• _Exercise instructions_: The answer must consist solely of the line containing "Generic 2-Piece Durable" and every line after it in the records below, through the last, each reproduced exactly.

• _Task inputs_:

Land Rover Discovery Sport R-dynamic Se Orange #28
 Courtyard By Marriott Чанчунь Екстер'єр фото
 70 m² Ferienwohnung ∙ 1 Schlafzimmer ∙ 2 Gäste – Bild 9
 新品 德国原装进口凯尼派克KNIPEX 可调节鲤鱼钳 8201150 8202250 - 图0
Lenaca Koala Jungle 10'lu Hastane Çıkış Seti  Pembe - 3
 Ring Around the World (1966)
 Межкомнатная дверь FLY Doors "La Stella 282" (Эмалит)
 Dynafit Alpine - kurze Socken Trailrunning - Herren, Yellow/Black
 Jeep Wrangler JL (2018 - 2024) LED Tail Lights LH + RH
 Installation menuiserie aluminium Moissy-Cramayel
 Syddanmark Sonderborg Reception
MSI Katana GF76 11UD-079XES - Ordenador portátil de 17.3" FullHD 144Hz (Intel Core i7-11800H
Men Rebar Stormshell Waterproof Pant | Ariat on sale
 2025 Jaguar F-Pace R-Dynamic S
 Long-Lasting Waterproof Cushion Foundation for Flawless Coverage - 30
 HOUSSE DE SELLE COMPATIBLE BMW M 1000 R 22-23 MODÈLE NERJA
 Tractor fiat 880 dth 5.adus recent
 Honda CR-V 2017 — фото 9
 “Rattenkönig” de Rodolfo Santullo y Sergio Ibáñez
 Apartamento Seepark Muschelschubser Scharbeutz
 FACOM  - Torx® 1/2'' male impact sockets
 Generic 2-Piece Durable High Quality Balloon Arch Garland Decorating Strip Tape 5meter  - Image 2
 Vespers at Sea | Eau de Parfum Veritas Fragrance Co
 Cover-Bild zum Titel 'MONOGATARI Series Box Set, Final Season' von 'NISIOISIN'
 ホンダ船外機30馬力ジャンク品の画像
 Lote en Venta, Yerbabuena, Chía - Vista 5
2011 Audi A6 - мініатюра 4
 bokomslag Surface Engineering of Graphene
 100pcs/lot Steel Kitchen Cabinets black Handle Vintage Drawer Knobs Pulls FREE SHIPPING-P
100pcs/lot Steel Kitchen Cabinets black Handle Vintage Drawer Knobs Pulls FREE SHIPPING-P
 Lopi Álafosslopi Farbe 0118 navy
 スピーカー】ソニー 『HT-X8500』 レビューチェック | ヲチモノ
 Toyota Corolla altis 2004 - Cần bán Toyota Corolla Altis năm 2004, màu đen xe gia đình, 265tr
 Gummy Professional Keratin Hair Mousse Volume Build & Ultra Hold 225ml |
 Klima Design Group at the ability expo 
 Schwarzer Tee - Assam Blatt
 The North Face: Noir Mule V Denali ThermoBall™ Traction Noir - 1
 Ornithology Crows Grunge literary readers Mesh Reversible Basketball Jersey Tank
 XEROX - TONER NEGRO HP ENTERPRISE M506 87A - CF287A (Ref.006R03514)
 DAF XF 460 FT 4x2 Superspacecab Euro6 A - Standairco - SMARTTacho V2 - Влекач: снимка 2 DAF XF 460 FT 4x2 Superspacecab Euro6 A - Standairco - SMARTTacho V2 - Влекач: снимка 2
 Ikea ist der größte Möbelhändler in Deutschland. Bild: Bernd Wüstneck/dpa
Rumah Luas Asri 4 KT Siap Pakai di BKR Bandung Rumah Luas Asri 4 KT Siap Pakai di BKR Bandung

• _Output for this task_:
 Generic 2-Piece Durable High Quality Balloon Arch Garland Decorating Strip Tape 5meter  - Image 2
 Vespers at Sea | Eau de Parfum Veritas Fragrance Co
 Cover-Bild zum Titel 'MONOGATARI Series Box Set, Final Season' von 'NISIOISIN'
 ホンダ船外機30馬力ジャンク品の画像
 Lote en Venta, Yerbabuena, Chía - Vista 5
2011 Audi A6 - мініатюра 4
 bokomslag Surface Engineering of Graphene
 100pcs/lot Steel Kitchen Cabinets black Handle Vintage Drawer Knobs Pulls FREE SHIPPING-P
100pcs/lot Steel Kitchen Cabinets black Handle Vintage Drawer Knobs Pulls FREE SHIPPING-P
 Lopi Álafosslopi Farbe 0118 navy
 スピーカー】ソニー 『HT-X8500』 レビューチェック | ヲチモノ
 Toyota Corolla altis 2004 - Cần bán Toyota Corolla Altis năm 2004, màu đen xe gia đình, 265tr
 Gummy Professional Keratin Hair Mousse Volume Build & Ultra Hold 225ml |
 Klima Design Group at the ability expo 
 Schwarzer Tee - Assam Blatt
 The North Face: Noir Mule V Denali ThermoBall™ Traction Noir - 1
 Ornithology Crows Grunge literary readers Mesh Reversible Basketball Jersey Tank
 XEROX - TONER NEGRO HP ENTERPRISE M506 87A - CF287A (Ref.006R03514)
 DAF XF 460 FT 4x2 Superspacecab Euro6 A - Standairco - SMARTTacho V2 - Влекач: снимка 2 DAF XF 460 FT 4x2 Superspacecab Euro6 A - Standairco - SMARTTacho V2 - Влекач: снимка 2
 Ikea ist der größte Möbelhändler in Deutschland. Bild: Bernd Wüstneck/dpa
Rumah Luas Asri 4 KT Siap Pakai di BKR Bandung Rumah Luas Asri 4 KT Siap Pakai di BKR Bandung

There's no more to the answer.